Loved it.
Then I picked up the paperback, Live Writing: Breathing Life into Your Words.
Loved it.
Next I read, Boy Writers: Reclaiming Their Voices.
Loved it.
I read, The Sandman, to five grade 1 classes.
The students loved it.
It should be no surprise that I loved the latest Ralph Fletcher book I picked up, a memoir called Walking Trees: Portraits of Teachers and Children in the Culture of Schools. I can't think of a nonfiction book like this - it has tension, suspense, and characters who change throughout a school year and others who don't. The book is a patchwork quilt of characters that creates a complex blanket of humanity from Fletcher's year as a writing coach or teacher trainer in New York Citys' school districts. His characters range from the bell banging Fern Resager who needs a voice transplant to Myrna Rabincoff who looks her students in the eye and listens when they speak. "She cares about children." p. 62. Eleanor Bosch reminds me of a Roald Dahl character (maybe aunt Spiker?) and the childrens' writing examples are inspirational. The book picks up the quirks and characters that cross paths with Fletcher as he weaves through school districts like a bee in search of pollen. Along the way, he finds teachers blooming, wilting, or almost dead (there's a jungle in one principal's office). Some teachers take to his new ideas, some resist them, but what is obvious is that he touches the lives of students and they in return, touch him. His observations are funny, precise, and poignant. He describes his day like a reporter:
At PS 414, the secretary in the Main Office gives me the guest book to sign and directs me down to the cafeteria to find Marlon Hauser, the principal.
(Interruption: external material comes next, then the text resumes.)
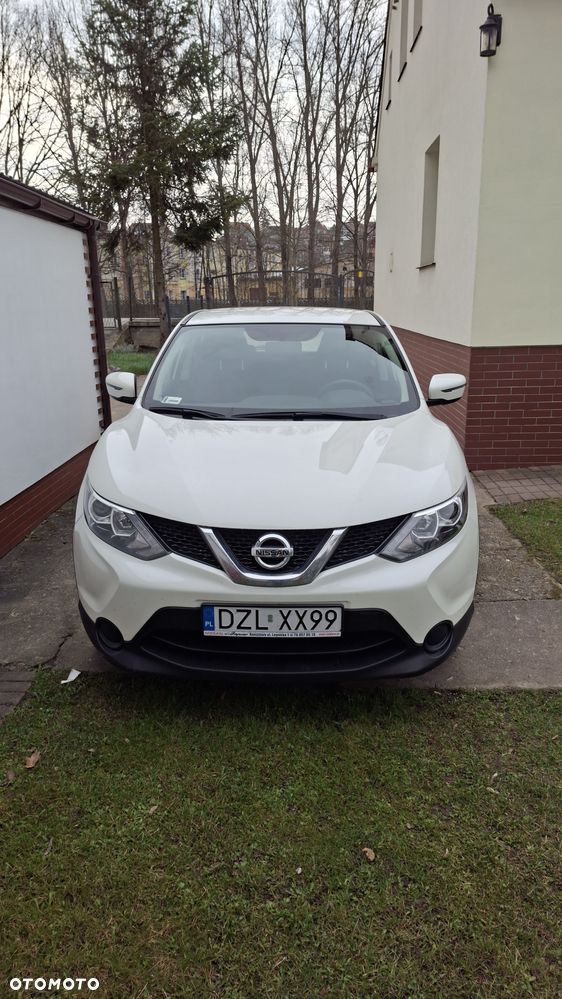 Nissan Qashqai 1.2 DIG-T N-Connecta - 1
Entering the immense room, I am assaulted by a tremendous din made by hundreds of kids eating, laughing, goofing yelling. Decibel City. At the near end of the room, three stout, heavily made-up women in dark jackets (we dubbed them "Renta-Mommies" when I was in school), all toting bullhorns, keep unsmiling watch over the kids. From time to time, one of these women raises her bullhorn to bark something ineffectual at them:
"Brian Young, get off that table! Mildred, do you want to stay after school today? 4-322, I cannot believe the way you're behaving today... You ought to be ashamed of yourselves." p 34.
While Fletcher doesn't give answers to the questions he raises, he shows what good teachers and principals do in their classrooms and schools. I like how he avoids being preachy or slipping into a doom and gloom tirade over the state of education. The message is not one of hopelessness but hope that there will be those who love what they do and "care about children." An entertaining and inspirational read.